There are some limitations to this study. First, due to the difficulty of collecting CSF from AD dementia patients, the sample size of this study was relatively small. Even though internal validation has been performed, there’s still a need to expand the sample size in the external validations. Second, the participants enrolled were clinically diagnosed and lacked pathological evidence of Aβ-PET. Adequate validation in sufficient Aβ+ AD patients and Aβ− controls is highly needed before the findings of this study can move toward clinical practice, which requires further expansion of the sample size and inclusion of more stringent diagnostic criteria based on Aβ-PET in the follow-up.
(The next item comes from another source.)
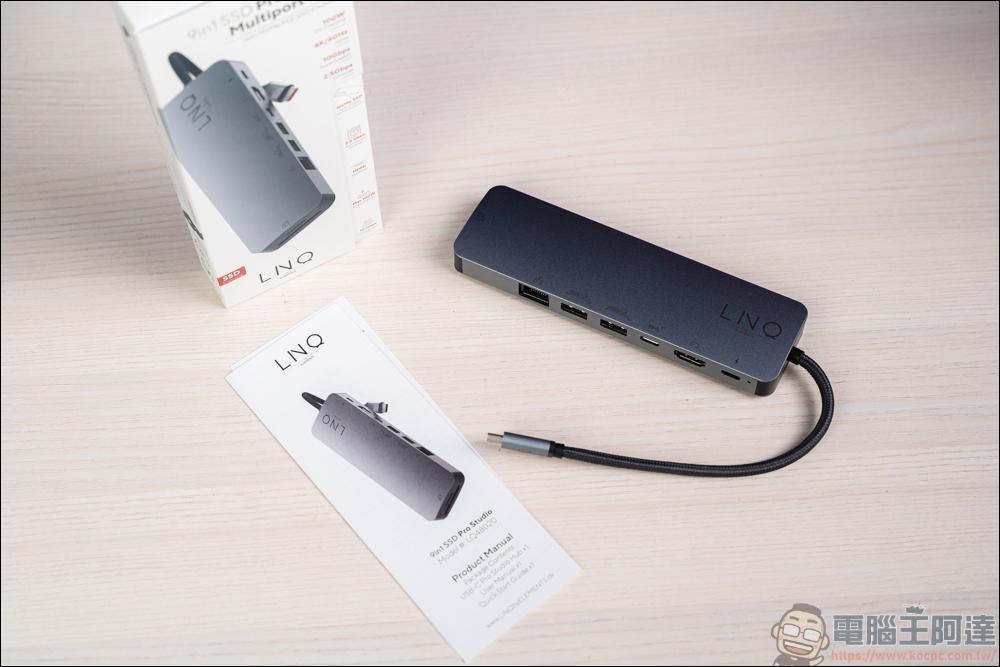 LINQ 9-in-1 SSD Pro Studio Hub 集線器,整合 Hub + SSD 外接盒、讀卡機、HDMI、高速 RJ-45、100W PD快充 九大功能 - 電腦王阿達 LINQ 9-in-1 SSD Pro Studio Hub 集線器,整合 Hub + SSD 外接盒、讀卡機、HDMI、高速 RJ-45、100W PD快充 九大功能 - 電腦王阿達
Finally, the assessment and external validation of the differential diagnostic ability is equally important before entering clinical practice, and we need to include more patients with other types of dementia to validate the differential diagnostic efficacy of the model in the future.

In conclusion, this study established the cutoff values of CSF biomarkers for AD diagnosis in a Chinese cohort, which is essential for the clinical application of AD biomarkers in Chinese population.